Figure 5. Annexin A1 is a Novel and Specific Marker of Microvesicles Distinct from Exosomes and ARMMs.

(A) Proteomic analysis of extracellular Annexins. (Left) Spectral counts for Annexins for cells, lEVs (P15) and gradient-purified sEV and NV samples for DKO-1, and (Right) for gradient-purified sEV and NV samples for Gli36. Data represent mean ± SD. n = 6.

(B) Immunoblot analysis of Annexin expression in cells, lEVs (P15), and crude sEVs (P120).

(C) High-resolution (12–36%) density fractionation of crude DKO-1 sEVs (P120).

(D) Gradient (6–30%) density fractionation of crude DKO-1 sEVs (P120).

(E) DIC of CD81-and CD9-positive exosomes from DKO-1 cells. Immunoblots of crude sEV pellet (P120) and bead-captured exosomes. g.e, greater exposure.
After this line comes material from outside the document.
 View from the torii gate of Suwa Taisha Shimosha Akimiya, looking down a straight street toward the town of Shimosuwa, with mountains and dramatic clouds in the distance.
(F) Annexin A1-positive classical microvesicles. (Left) 3D Structured Illumination Microscopy (SIM) of DKO-1 cells stained for Annexin A1 and DAPI. Enlarged inserts displayed in greyscale at the bottom. (Right) Size distribution of Annexin A1-positive classical microvesicles imaged by 3D SIM of DKO-1 cells. Histogram of maximum width of vesicles shed at the plasma membrane. n = 221; data from four independent experiments.

(G) Annexin A1-positive large oncosomes. (Left) 3D SIM of DKO-1 cells stained for Annexin A1 and DAPI. Enlarged inserts displayed in greyscale at the bottom. (Right) Size distribution of Annexin A1-positive classical large oncosomes imaged by 3D SIM of DKO-1 cells. Histogram of maximum width of large oncosomes blebbing at the plasma membrane. n = 82; data from four independent experiments.
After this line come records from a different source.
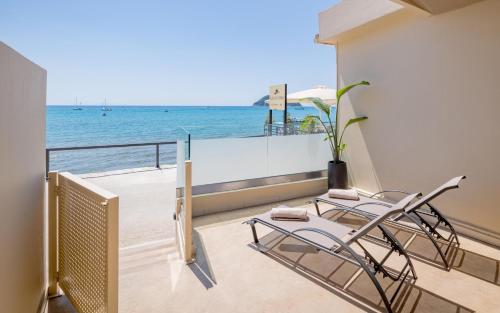 a balcony with chairs and a view of the ocean at Blue Horizon Studios in Laganas
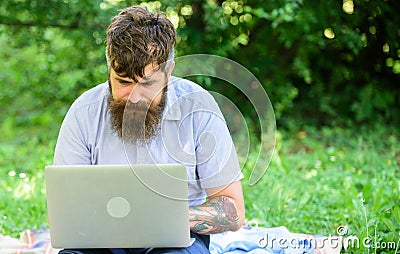 Inspiration for blogging. Looking for inspiration. Blogger becoming inspired by nature. Man bearded with laptop sit Stock Photo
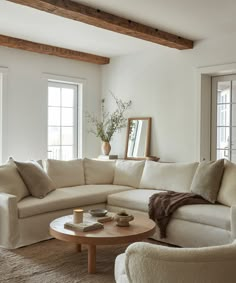 a living room filled with furniture and a round coffee table in front of two windows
(H) Proteomic analysis of ARF6, ARRDC1 and TSG101 present in DKO-1 cells, lEV (P15), density gradient-purified sEV and NV fraction pools. Data are mean ± SD. n = 6.
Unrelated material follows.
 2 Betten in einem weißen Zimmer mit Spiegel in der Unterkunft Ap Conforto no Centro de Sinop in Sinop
(I-K) DIC of CD81-and CD9-positive exosomes from (I) DKO-1, (J) Gli36, and (K) human plasma. g.e, greater exposure.

See also Figure S5.

Release of Extracellular DNA and Histones from Human Cells is Independent of Exosomes and Small Extracellular Vesicles

It has previously been reported that dsDNA is present in cancer exosomes or sEVs (Montermini et al., 2015), and several studies identified dsDNA-binding histone proteins in exosomal preparations (Takahashi et al., 2017; Zhang et al., 2018). However, the observation that dsDNA-binding histones were associated with NV fractions rather than purified sEVs (Figures 2D–E and S2) prompted us to examine the release of DNA. Histones H2A, H3 and H4 were absent from the fractions dominated by exosomal/sEV marker proteins (Figures 6A and S6A). After DNA extraction from purified sEV and NV pools, it was apparent that dsDNA is present in high-density NV fractions, with post-extraction treatment of the purified nucleic acid with DNase and RNase confirming isolation of pure DNA (Figures 6B and S6B–C). To determine if extracellular dsDNA is protected from digestion, we pre-treated crude sEV (P120) samples with DNase I before proceeding with density gradient fractionation and DNA extraction. As before, no dsDNA was detected in sEV fractions, and the dsDNA present in NV fractions was highly susceptible to digestion by DNase I (Figures 6C and S6B). The majority of DNA was in the range of 1,000–10,000 base pairs with a peak around 6,000 base pairs (Figures 6D and S6D). Histones were not detected in association with CD81- or CD63-positive exosomes (Figure 6E). Likewise, it was not possible to detect any dsDNA associated with DIC-purified CD81-positive exosomes, confirming that exosomes do not natively contain dsDNA and do not associate with other particles/proteins that contain dsDNA (Figure 6F). The presence of histones and dsDNA in preparations of exosomes and other sEVs therefore appears to be an indicator of insufficient purification that largely disappears with improved methodology. In summary, extracellular dsDNA and histones are not associated with exosomes or any other type of sEV.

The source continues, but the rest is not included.